The LDS statistics panel gives a more detailed view of the hardware:

Metric

Description

Unit

LDS Instructions

The total number of LDS instructions (including, but not limited to, read/write/atomics and HIP’s __shfl instructions) executed per normalization unit.

Instructions per normalization unit

Theoretical Bandwidth

Indicates the maximum amount of bytes that could have been loaded from, stored to, or atomically updated in the LDS per normalization unit. Does not take into account the execution mask of the wavefront when the instruction was executed. See the LDS bandwidth example for more detail.
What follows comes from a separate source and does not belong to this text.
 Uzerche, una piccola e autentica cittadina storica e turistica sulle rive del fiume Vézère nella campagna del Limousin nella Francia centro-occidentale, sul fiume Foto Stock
Bytes per normalization unit

LDS Latency

The average number of round-trip cycles (i.e., from issue to data-return / acknowledgment) required for an LDS instruction to complete.

Cycles

Bank Conflicts/Access

The ratio of the number of cycles spent in the LDS scheduler due to bank conflicts (as determined by the conflict resolution hardware) to the base number of cycles that would be spent in the LDS scheduler in a completely uncontended case. This is the unnormalized form of the Bank Conflict Rate.

Conflicts/Access

Index Accesses

The total number of cycles spent in the LDS scheduler over all operations per normalization unit.

Cycles per normalization unit

Atomic Return Cycles

The total number of cycles spent on LDS atomics with return per normalization unit.

Cycles per normalization unit

Bank Conflicts

The total number of cycles spent in the LDS scheduler due to bank conflicts (as determined by the conflict resolution hardware) per normalization unit.

Cycles per normalization unit

Address Conflicts

The total number of cycles spent in the LDS scheduler due to address conflicts (as determined by the conflict resolution hardware) per normalization unit.

Cycles per normalization unit

Unaligned Stall

The total number of cycles spent in the LDS scheduler due to stalls from non-dword aligned addresses per normalization unit.

Cycles per normalization unit

Memory Violations

The total number of out-of-bounds accesses made to the LDS, per normalization unit. This is unused and expected to be zero in most configurations for modern CDNA™ accelerators.

Accesses per normalization unit